Our winter weather this year has been wildly unpredictable this year. We've seen temperatures below 0F for the first time in 30 years, and streams that haven't seen significant icing since the loggers came 125 years ago were plunged into the deep freeze. On the other hand, the latest round of "polar vortex" brought us 18" of snow, followed immediately by temperatures in the 60s and 70s for several days in a row, resulting in a rapid and dramatic thaw. Work, weather and maintenance work aimed at fixing all the little incidental problems that crop up when a property gets hit by repeated waves of rapid cooling and heating have mostly kept me cooped up indoors, a less than satisfactory state of affairs, as far as I'm concerned.

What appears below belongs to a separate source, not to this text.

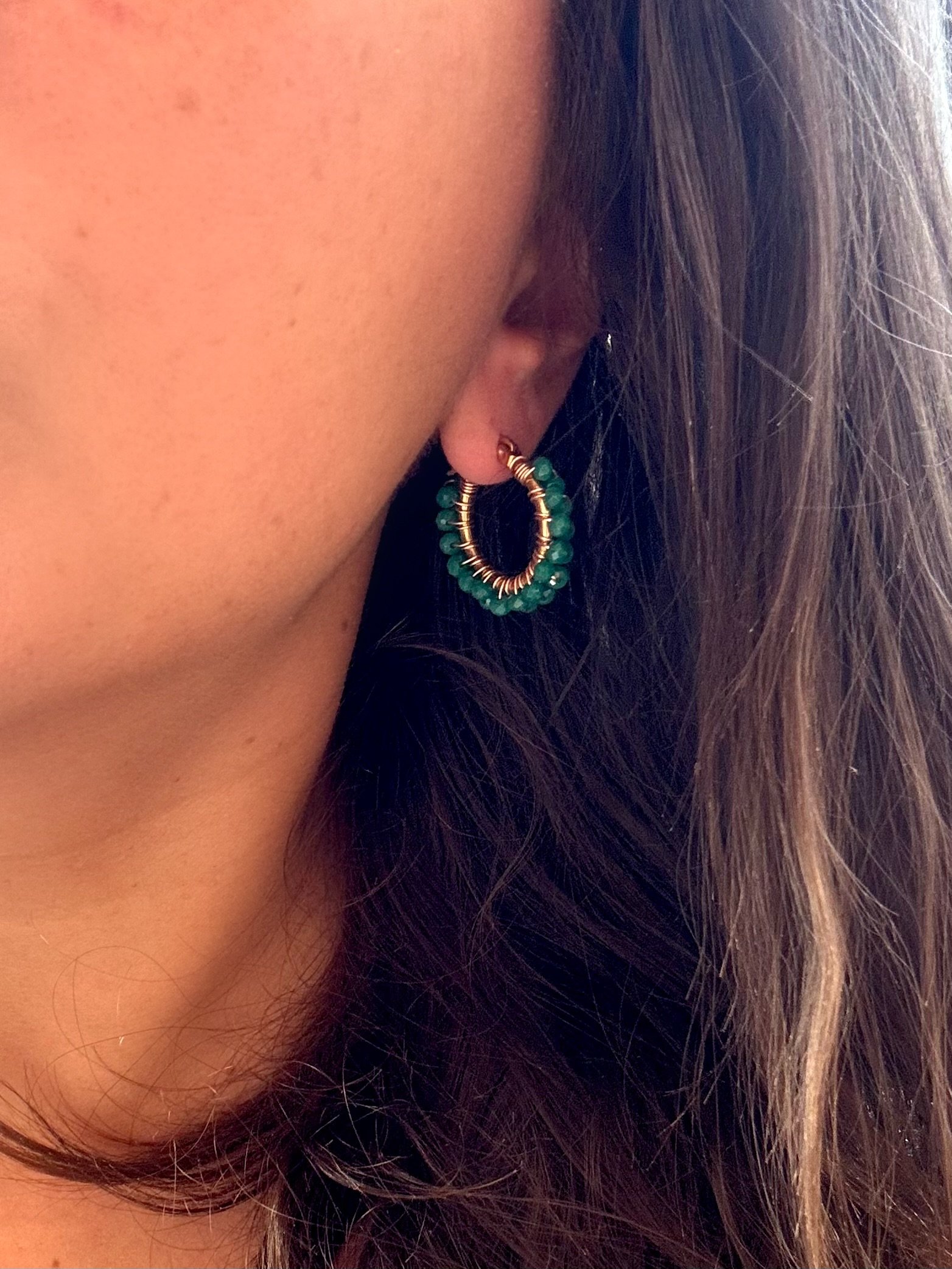 Boucles d'oreilles YAËL vert – Image 2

I finally made my escape the other day, and headed deep into the hills in search of peace and trout. My initial destination was a lovely stream that plunges through a narrow gorge and can be reliably counted upon to provide decent fishing and superior solitude. Unfortunately, after hiking in to streamside, it was quickly apparent that the rapid thaw and an overnight thunderstorm had left the river a raging torrent howling for the blood of any angler foolish enough to try and wade it.

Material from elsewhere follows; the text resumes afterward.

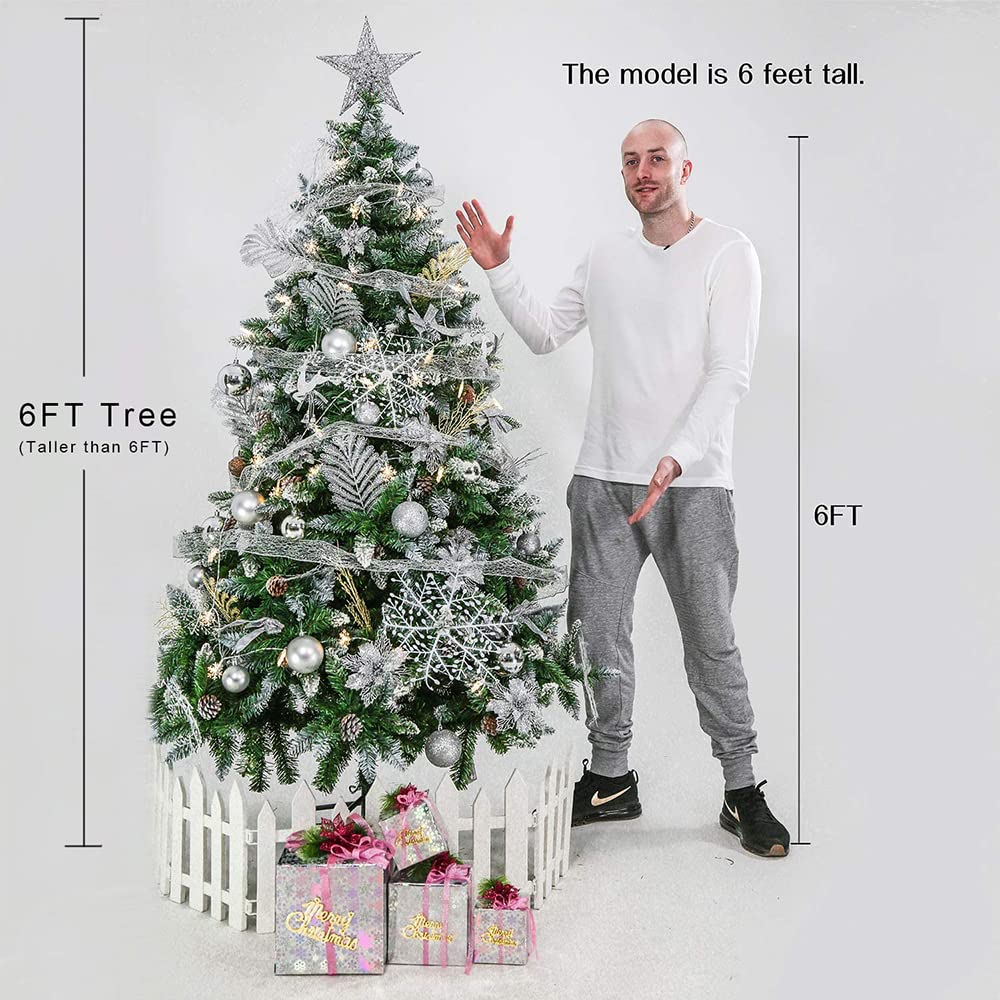 OHMG 180cm Künstlicher Weihnachtsbaum Grün,Weihnachtsbaum PVC künstlich,Tannenbaum Christbaum Tanne Unecht Weihnachtsdeko mit 600 Spitzen,unechter Tannenbaum inkl. Metallständer (600 Zweige)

After some deliberation, I decided to hop over to another flow in the same drainage in search of wadeable water/ This creek has a wider, less channelized stream bed, and the stretch I hoped to target is situated further up the ridge line (hopefully upstream of the main bore of melt water). Here, I found a stream that, while still swollen and off-color, could be fished, so long as I was creative with my casting and willing to fish from some unusual places.

(I love to see things like this; faded regulatory signage is a reliable local indicator that a stream is rarely visited.)
Winter fishing is often a real hit or miss affair. The trout species present in the area tend toward torpor once water temperatures dip below 42F, as their digestive process becomes significantly less efficient at that point. The action was, not surprisingly, quite slow most of the day. Eventually, I came across a new deadfall, its skeletal limbs reaching down into a deep, slow hole, perfect habitat for a boss brown trout.